◆ **EXERCISE GOAL**:
Transcribe only what runs from the line containing "5 DUYU ORGANI: DERİ" through the end of the listing, line for line and exactly, and omit the pictures.

◆ **INPUT DATA**:
= = = =

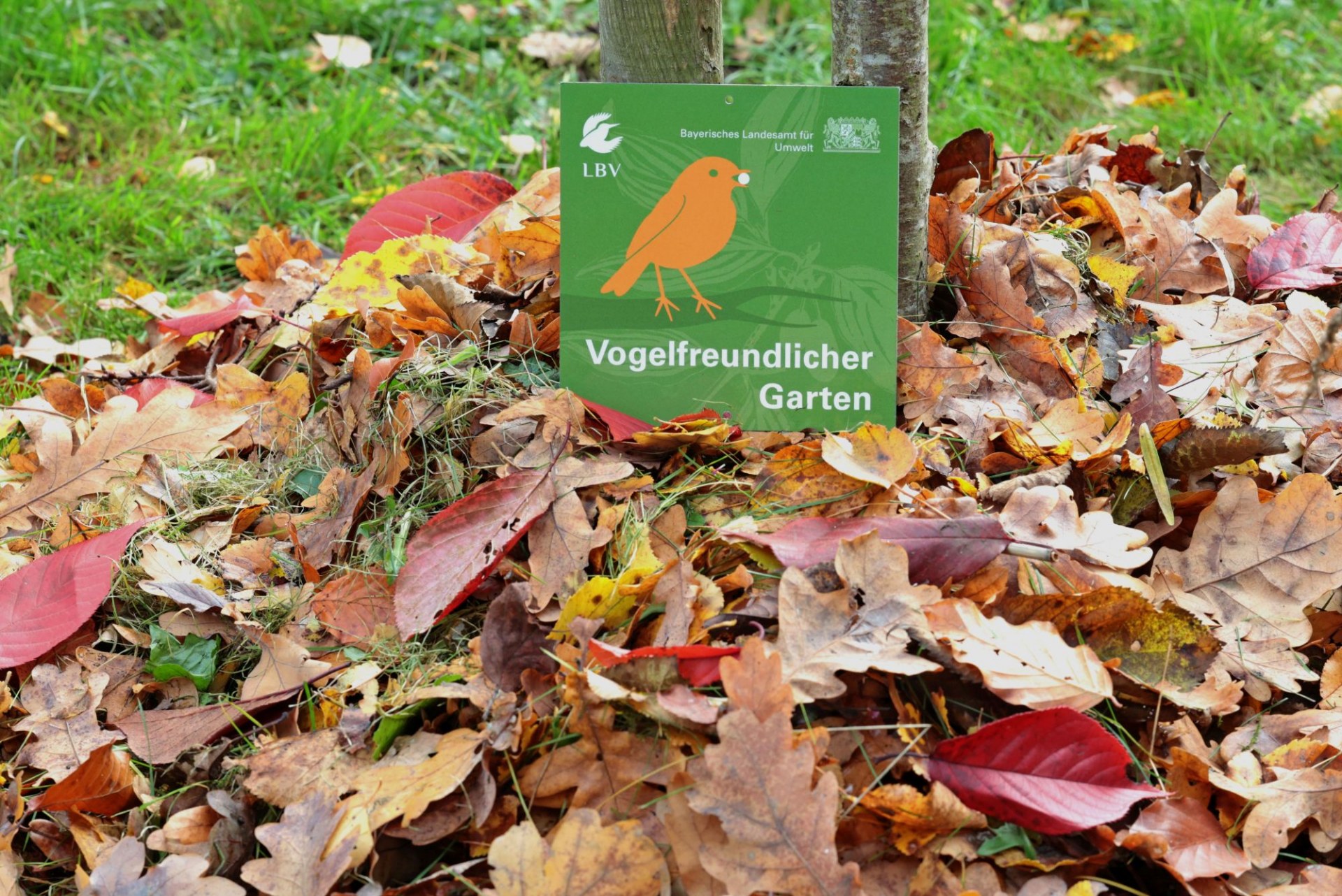LBV-Plakette "Vogelfreundlicher Garten" im Herbstlaub | © Peter Bria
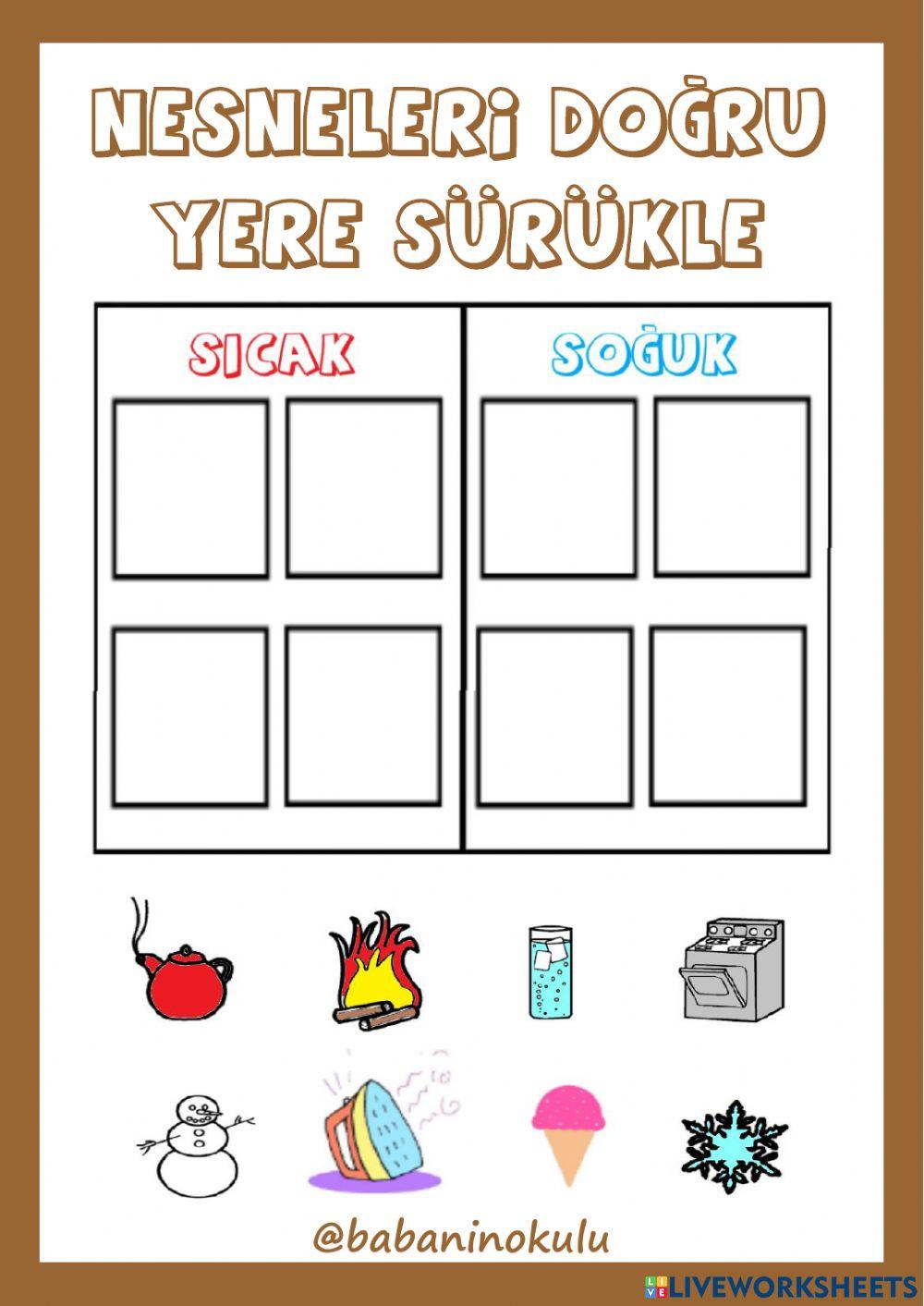 5 DUYU ORGANI: DERİ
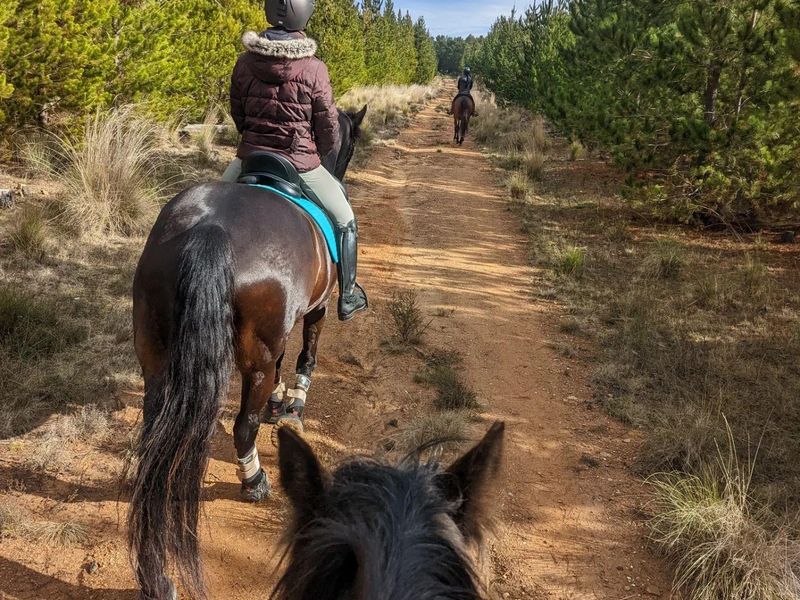 Heart stealer, head turner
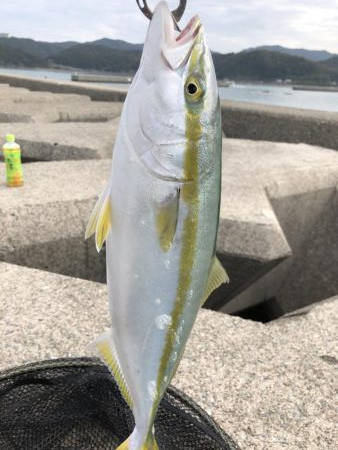 遂にやりました！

= = = =

◆ **EXERCISE RESULT**:
 5 DUYU ORGANI: DERİ
 Heart stealer, head turner
 遂にやりました！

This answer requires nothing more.